(DATA SEGMENT Opens)

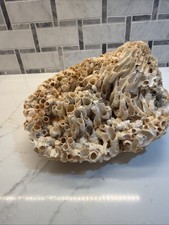Beautiful Fossil Specimen, Fossilized Marine Tube Worms 7 X 5 X 4 1/2 picture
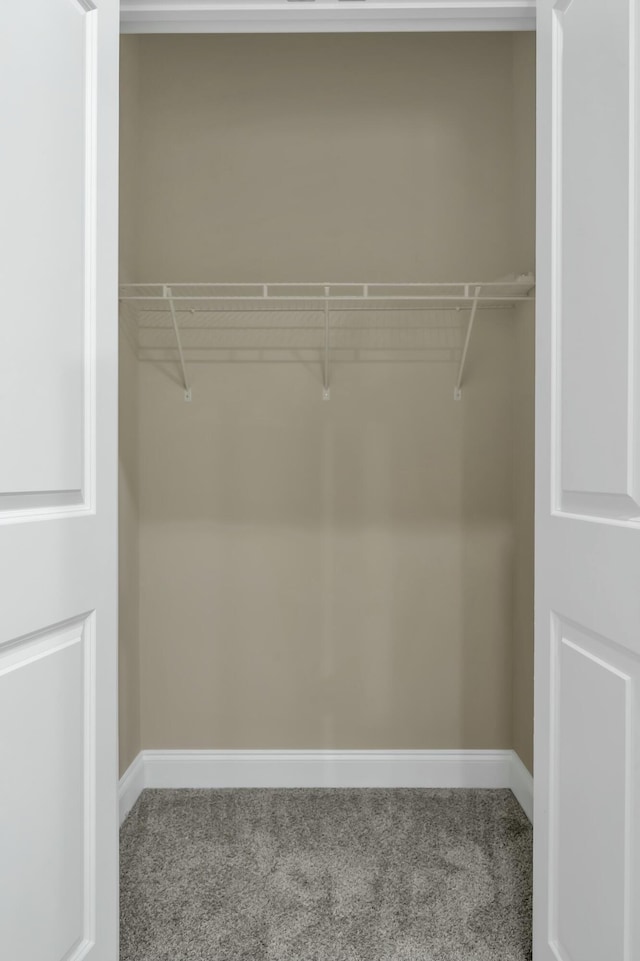 view of closet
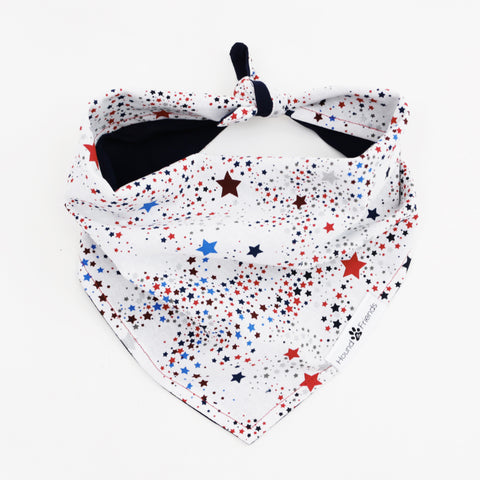 Image of Captain Reversible 4th of July stars dog Bandana matching with owners at Hound and Friends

(DATA SEGMENT Closes)

WORK REQUIRED: The lines from the one containing "view of closet" through the last line of the data above are to be transcribed exactly, both included, with all pictures left out.

TASK OUTPUT:
 view of closet
 Image of Captain Reversible 4th of July stars dog Bandana matching with owners at Hound and Friends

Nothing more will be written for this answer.